物質・材料研究機構(NIMS) 太陽光発電材料ユニットの韓礼元ユニット長らの研究グループは、色素増感太陽電池の世界最高効率をおよそ5年ぶりに更新したことを発表した。同成果の詳細は8月29日に開催される「2011年秋季第72回応用物理学会」にて発表される予定。

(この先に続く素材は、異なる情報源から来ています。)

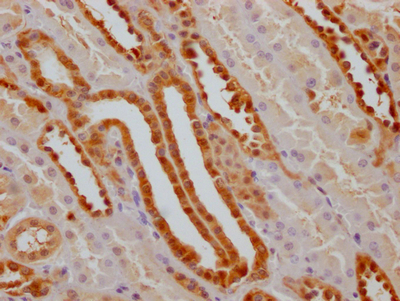 GSTP1 Recombinant Monoclonal Antibody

色素増感太陽電池は、導電性透明電極(TCO電極)、光を吸収する役割を担う色素が吸着した酸化チタン(TiO2)などの多孔質半導体層、ヨウ素系電解質、対極から構成されており、これら安価な材料および高温・高真空プロセスを必要とせず、スクリーン印刷で大量生産が可能であることから、発電コストを下げられる次世代太陽電池の1つとして期待されているが、そのエネルギー変換効率は2006年シャープが11.1%のものを開発して以降、その値が最高となっていた。

色素増感太陽電池の動作原理。色素が光を吸収することで発生した電子が、TiO2層に注入され、TCO電極から外部回路を通して対極に移動する。電解質中のI3-が対極の表面で電子を受け取りI-になり、I-が色素表面に移動して電子を色素に戻す。動作原理からも分かるが、色素が光吸収と電子の生成に重要な役割を果たしている

今回、研究グループでは、TiO2表面上における色素の吸着状態をシミューレーションすることで、より良く吸着できる状態にするための新たな増感促進剤を開発。その増感促進剤を用いることで400nmから800nmまでの可視光領域の外部量子収率を80%程度に向上させることに成功し、短絡電流密度を向上させることができたほか、同促進剤により開放電圧も向上することが確認された。

各種太陽電池の変換効率の推移

この促進剤を用いて太陽電池を作製し、疑似太陽光AM1.5G(100mW cm-2)の照射下で、短絡電流密度21.34mA cm-2、開放電圧0.743V、フィルファクター0.722を実測したところ、変換効率(η)は11.4%となり、5年ぶりに国際的な標準試験機関の公式データとして世界最高効率を更新したことが確認されたという。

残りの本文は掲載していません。